◆ **ABOUT THIS EXERCISE**
When you copy the records that follow, please keep every word exactly as it is and leave out the pictures.

[Web page caption snippets]

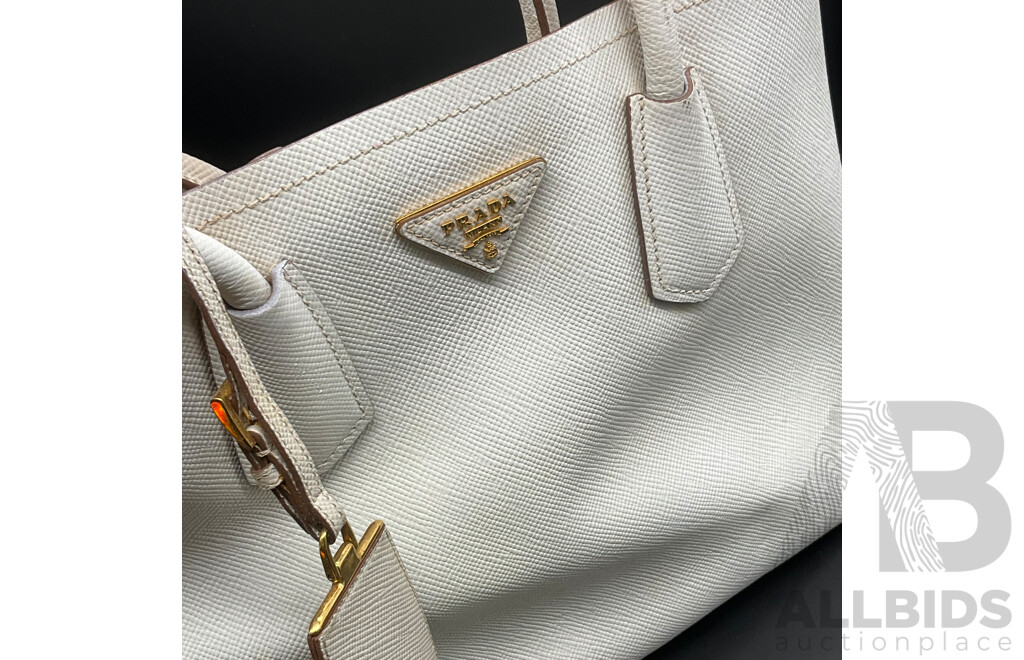 White Saffiano Cuir Double Tote Bag Branded PRADA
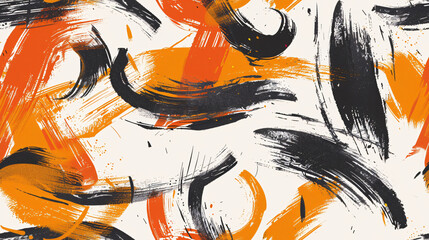 Wall Mural - Abstract grunge background with seamless orange and black brush stroke pattern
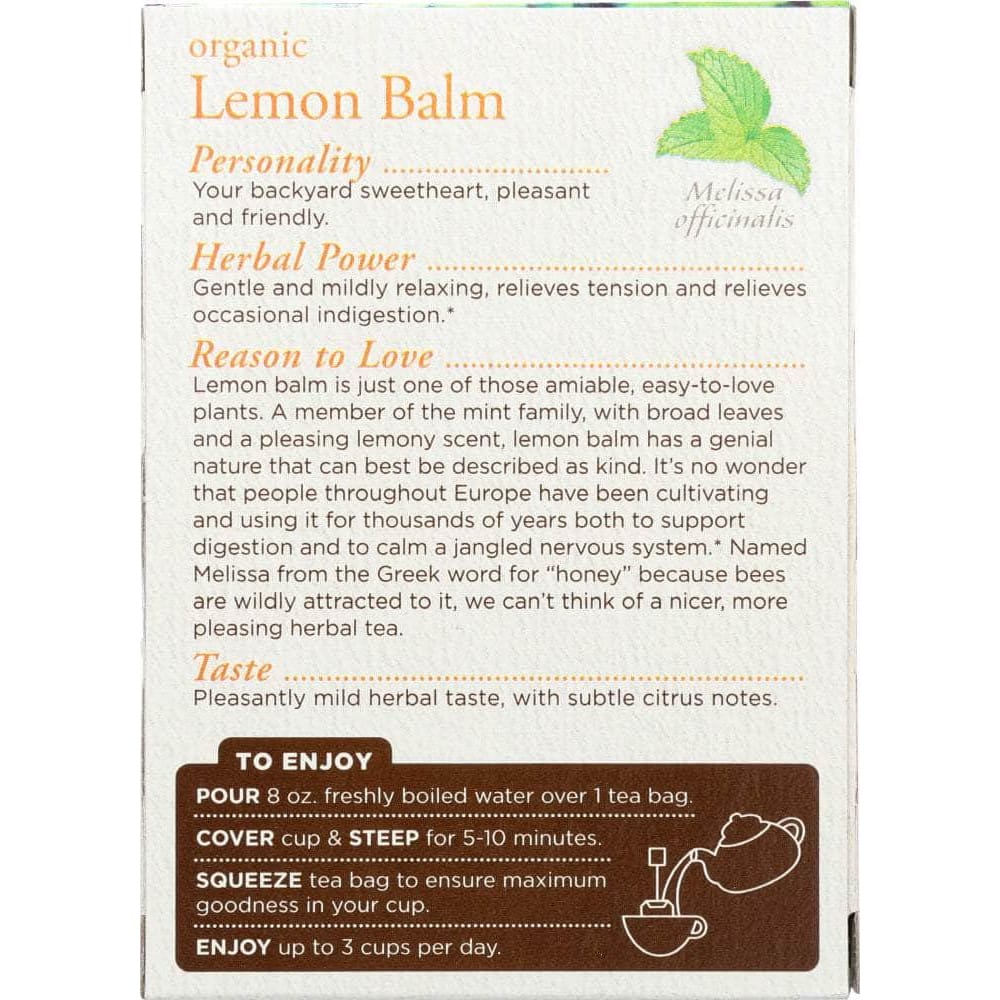 Traditional Medicinals Traditional Medicinals Organic Lemon Balm Caffeine Free Herbal Tea 16 Tea Bags, 0.85 oz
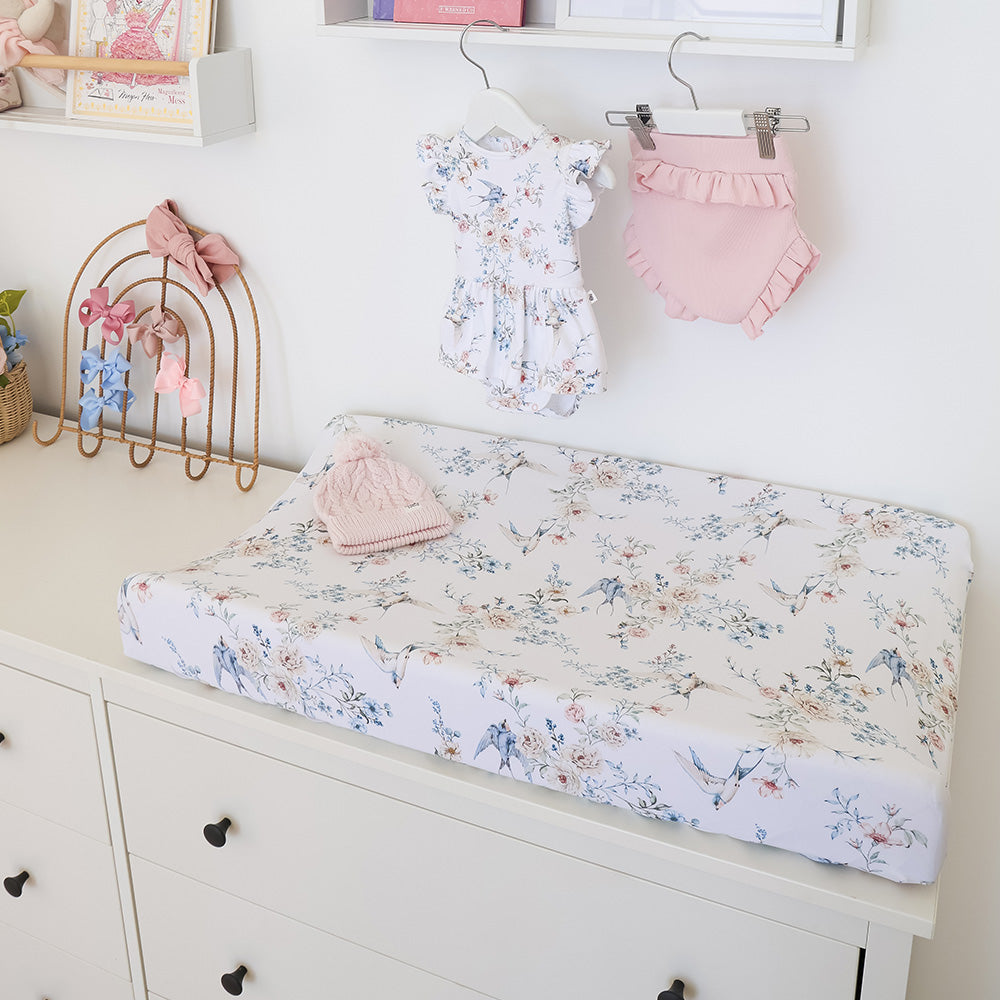 Snuggle Hunny Fitted Bassinet & Change Pad Cover | Sweet Swallows
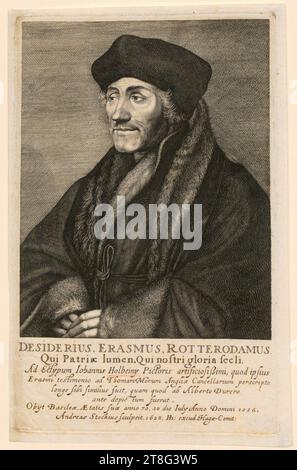 Andries Jacobsz. Stock (1580 UM - 1648)Hans Holbein (le Jeune) (1497 - 1543), d'après Hendrik Hondius I. (1573 - 1650), éditeur, portrait de Desiderius Erasmus de Rotterdam, origine du support d'impression : 1628, gravure sur cuivre, taille de la feuille : 24,3 x 15,6 cm marge de la plaque: 23,1 x 14,5 cm, en bas au centre inscrit 'DESIDERIUS, ERASMUS, ROTTERDAMUS. ... Anno Domini 1536.', ci-dessous signé Banque D'Images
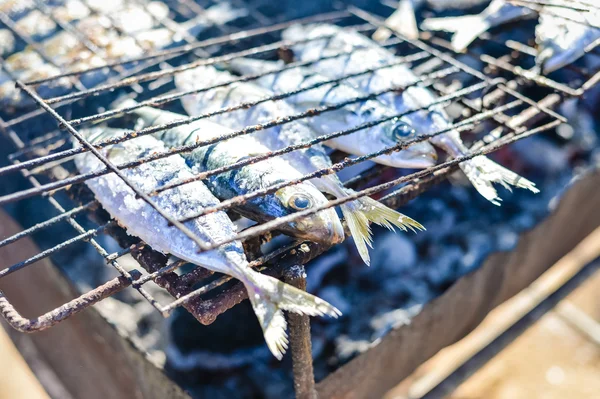 Вид сверху на жареную рыбу на барбекю, фоновый вид на улицу — стоковое фото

◆ **RESULT**
 White Saffiano Cuir Double Tote Bag Branded PRADA
 Wall Mural - Abstract grunge background with seamless orange and black brush stroke pattern
 Traditional Medicinals Traditional Medicinals Organic Lemon Balm Caffeine Free Herbal Tea 16 Tea Bags, 0.85 oz
 Snuggle Hunny Fitted Bassinet & Change Pad Cover | Sweet Swallows
 Andries Jacobsz. Stock (1580 UM - 1648)Hans Holbein (le Jeune) (1497 - 1543), d'après Hendrik Hondius I. (1573 - 1650), éditeur, portrait de Desiderius Erasmus de Rotterdam, origine du support d'impression : 1628, gravure sur cuivre, taille de la feuille : 24,3 x 15,6 cm marge de la plaque: 23,1 x 14,5 cm, en bas au centre inscrit 'DESIDERIUS, ERASMUS, ROTTERDAMUS. ... Anno Domini 1536.', ci-dessous signé Banque D'Images
 Вид сверху на жареную рыбу на барбекю, фоновый вид на улицу — стоковое фото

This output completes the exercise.